The cdx-indexer does have a few option for configuring the exact nature of the CDX file. However, the default options are typically correct if you are using the cdx-indexer from the same OpenWayback distribution as the WAR web application comes from.

This generates an unsorted CDX file for one archive. You will need to either manually or (and this is recommended) via script generate a CDX file for each and every ARC and WARC file you have. This process is largely limited by I/O and running multiple cdx-indexer instances in parallel can be useful, especially if the CDXs are spread over many physical HDDs. The exact number of instances to use depends entirely on your hardware.

Then you need to merge and sort the resultant files to get a CDX index file. As you’ll see, OpenWayback can handle multiple CDX index files. However, we do recommend merging them until each file is at least 10 GB assuming the filesystem allows large files. There is no limit to the size of CDX index files other than those imposed by the filesystem being used.

To merge and sort CDX files, the bash sort command found on most *nix systems is usually used.

IMPORTANT If you are using the bash sort command, you must set the environment variable LC_ALL=C. This tells sort how to sort and ensures that it matches how OpenWayback expects CDX indexes to be sorted.

This is done by executing the following (or including it in your scripts): bash export LC_ALL=C;

Configuring Wayback to find CDXs

Once you’ve built your CDX files, sorted and merged them into a small number of CDX index files, you need to configure OpenWayback to use them.

In the wayback.xml configuration file, you’ll find a block that looks like the following:

<import resource="BDBCollection.xml"/>
<!--
<import resource="CDXCollection.xml"/>
<import resource="RemoteCollection.xml"/>
<import resource="NutchCollection.xml"/>
-->

Start by removing or comment out the BDBCollection.xml line and uncommenting the CDXCollection.xml line.

E.g.

<import resource="CDXCollection.xml"/>
<!--
<import resource="BDBCollection.xml"/>
<import resource="RemoteCollection.xml"/>
<import resource="NutchCollection.xml"/>
-->

You then need to configure your access point to use the CDX collection. Further down the file you’ll find:

    <property name="collection" ref="localbdbcollection" />
<!--
    <property name="collection" ref="localcdxcollection" />
-->

Simply comment out or remove the reference to localbdbcollection and uncomment the reference to localcdxcollection.
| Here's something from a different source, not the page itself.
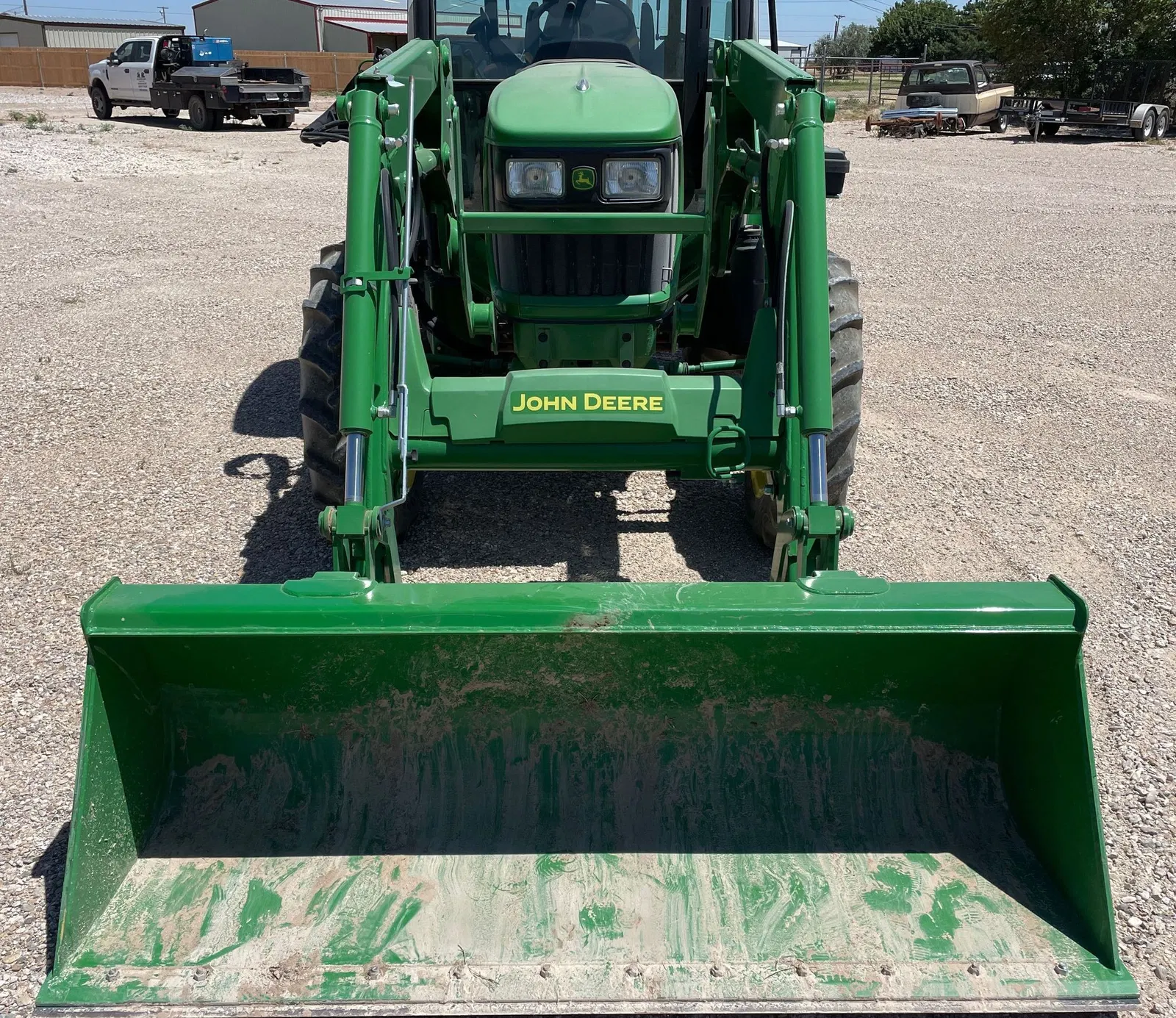 2018 John Deere 5075E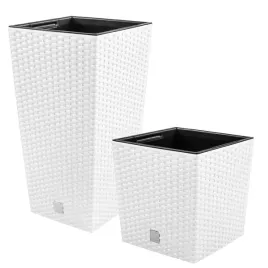 2x-ratanowe-doniczki-biale-wklady-32cm-i-50cm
OpenWayback will now expect to find a single CDX index at ${wayback.basedir}/cdx-index/index.cdx. If you only have one CDX index file you can simply leave it at that.

Alternatively, you can edit the CDXCollection.xml configuration file. There you will need to remove the simple CDXIndex resource index and enable the CompositeSearchResultSource that is commented out.
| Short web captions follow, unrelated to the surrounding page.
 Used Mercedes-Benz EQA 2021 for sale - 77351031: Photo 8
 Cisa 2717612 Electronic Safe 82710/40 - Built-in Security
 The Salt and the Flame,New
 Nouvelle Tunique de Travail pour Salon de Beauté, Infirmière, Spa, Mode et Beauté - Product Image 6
<bean class="org.archive.wayback.resourceindex.CompositeSearchResultSource">
  <property name="CDXSources">
    <list>
      <value>${wayback.basedir}/cdx-index/index-1.cdx</value>
      <value>${wayback.basedir}/cdx-index/index-2.cdx</value>
    </list>
  </property>
</bean>

As you’ll note, you can specify multiple CDX indexes using it. The value line of the list can be repeated as often as is needed.
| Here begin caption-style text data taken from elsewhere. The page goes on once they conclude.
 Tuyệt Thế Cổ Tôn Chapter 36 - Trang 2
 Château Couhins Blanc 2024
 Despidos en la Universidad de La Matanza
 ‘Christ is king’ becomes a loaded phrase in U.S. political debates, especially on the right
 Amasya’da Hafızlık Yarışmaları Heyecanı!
Telling OpenWayback where to find your ARC and WARC files

CDX files only contain the name of the ARC and or WARC file that contains the URL. OpenWayback uses what are called ResourceFileLocationDB objects to resolve ARC and WARC filenames to actual locations.

There are several different implementations of this available in OpenWayback (such as the BDBResourceFileLocationDB that is used by default). But when using a CDX index, we recommend that the FlatFileResourceFileLocationDB be used.

There is a default configuration for this provided near the top of the wayback.xml configuration file. Simply remove or comment out the BDBResourceFileLocationDB and then uncomment the following:

<bean id="resourcefilelocationdb" class="org.archive.wayback.resourcestore.locationdb.FlatFileResourceFileLocationDB">
  <property name="path" value="${wayback.basedir}/path-index.txt" />
</bean>

As you can see, it reuses the wayback.basedir setting and expect to find one file under that path, path-index.txt.

This file simply contains a list of all your ARC and WARC filenames (sorted) followed by a tab character and then the full path (including again the filename). This path can be either a filesystem path or an URL. You are allowed to mix filesystem paths and URLs in the same path-index file.

Do note that OpenWayback assumes that the ARC/WARC filenames are unique.

Example of how this file might look:

ARCNAME001.arc.gz	/data/ARCS01/ARCNAME001.arc.gz
ARCNAME002.arc.gz	/data/ARCS02/ARCNAME002.arc.gz
WARCNAME001.warc.gz	http://example.com/WARCS01/WARCNAME001.warc.gz
WARCNAME002.warc.gz	http://example.com/WARCS02/WARCNAME001.warc.gz

The first field should be as it is in the CDX index (9th or 10th field).

OpenWayback does not provide any special tools for generating this file. It should, however, be fairly straightforward to do so with *nix tools.

The following script is an example of how this might be accomplished assuming all ARC/WARC files share a root directory:

#!/bin/bash
# Find all ARC/WARC files
ARCHIVE_BASE_DIR=$1;
TARGET_FILE=$2;

tempfile="$TARGET_FILE.tmp";

unset a i
while IFS= read -r -d $'\0' file; do

  archive=$(basename $file);
  echo -e "$archive\t$file" >> $tempfile;

done < <(find $ARCHIVE_BASE_DIR -type f -regex ".*\.w?arc\.gz$" -print0)

# Now sort the file
export LC_ALL=C;
sort $tempfile > $TARGET_FILE;

rm $tempfile